Did it make us Xennials stronger?
Nope. All it did was make me that much more likely to unintenionally hurt someone else, while simultaneously helping reduce real, actual people into society-wide pejoratives. If anyone's being coddled and unaware, it's the people still using these slurs or pining for the time when they were free to use them: all it takes is one gay friend who doesn't want to be called a faggot to make you see how hurtful and unnecessary it is. And it really shouldn't take much empathy to extend that nugget of wisdom to retard, whore, and the rest of that rogues' gallery.
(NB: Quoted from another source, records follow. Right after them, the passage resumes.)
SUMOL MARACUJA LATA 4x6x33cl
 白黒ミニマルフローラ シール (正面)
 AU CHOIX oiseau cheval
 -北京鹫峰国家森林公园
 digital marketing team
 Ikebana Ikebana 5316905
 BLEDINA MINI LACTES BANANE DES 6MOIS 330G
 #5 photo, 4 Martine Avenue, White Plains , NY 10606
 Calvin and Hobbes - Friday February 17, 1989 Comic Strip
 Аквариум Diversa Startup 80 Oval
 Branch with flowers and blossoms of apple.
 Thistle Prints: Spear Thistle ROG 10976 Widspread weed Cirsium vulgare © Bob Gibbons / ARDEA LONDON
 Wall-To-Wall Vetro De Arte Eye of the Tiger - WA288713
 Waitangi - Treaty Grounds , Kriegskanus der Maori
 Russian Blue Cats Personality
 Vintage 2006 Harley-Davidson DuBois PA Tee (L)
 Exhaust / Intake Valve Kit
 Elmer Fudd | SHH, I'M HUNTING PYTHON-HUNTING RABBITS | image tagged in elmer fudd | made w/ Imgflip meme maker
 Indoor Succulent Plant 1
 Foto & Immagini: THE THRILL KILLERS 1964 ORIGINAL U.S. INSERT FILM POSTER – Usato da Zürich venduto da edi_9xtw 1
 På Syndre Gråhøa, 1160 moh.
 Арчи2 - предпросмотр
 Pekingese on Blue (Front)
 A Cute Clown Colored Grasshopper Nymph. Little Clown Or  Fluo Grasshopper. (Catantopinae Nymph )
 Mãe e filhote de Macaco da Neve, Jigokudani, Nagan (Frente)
And hey: if you have no gay friends, if you don't know any parents with a disabled kid, then who's really in that cotton-ball cocoon?
Kids these days
I have my own private beliefs, of course. I actually agree that schools—at least here in Sweden—are often unnecessarily upgrading simple playground scuffles to call-the-parents type situations, and that's probably not helping anyone. I don't think it's possible to get children to stop using bad words, either: you can perhaps get to "won't swear in your direct vicinity" if you're strict enough, but that'll just skew punishment towards the kids who are bad at hiding their emotions. You have to be nuanced in your approach, and it's a hard balance to get right.
However.
The vast majority of people, children or otherwise, just aren't these easily-triggered snowflakes who run and hide at the first sight of adversity. You have to actually hunt for that type of behavior in order to find it: it's something you have to want to see in order for the effect to show up. Gay people are being beaten up and murdered every day with nobody reporting on it, while every single instance of someone walking up to a professor and being "triggered" has been quickly snatched up and reported to absolute death by the ever-present modern outrage industry because the story is just too good to pass up. If you've fallen for that... well, again, I have to ask: who has the soft and overprotected mind here? Who's too quick to take offense?
Please don't be a dick. Don't be cruel, don't be unnecessarily mean, don't take pride in the fact that you can "take it and dish it out." It helps no one, it makes nobody stronger, it just makes everybody a little worse for wear.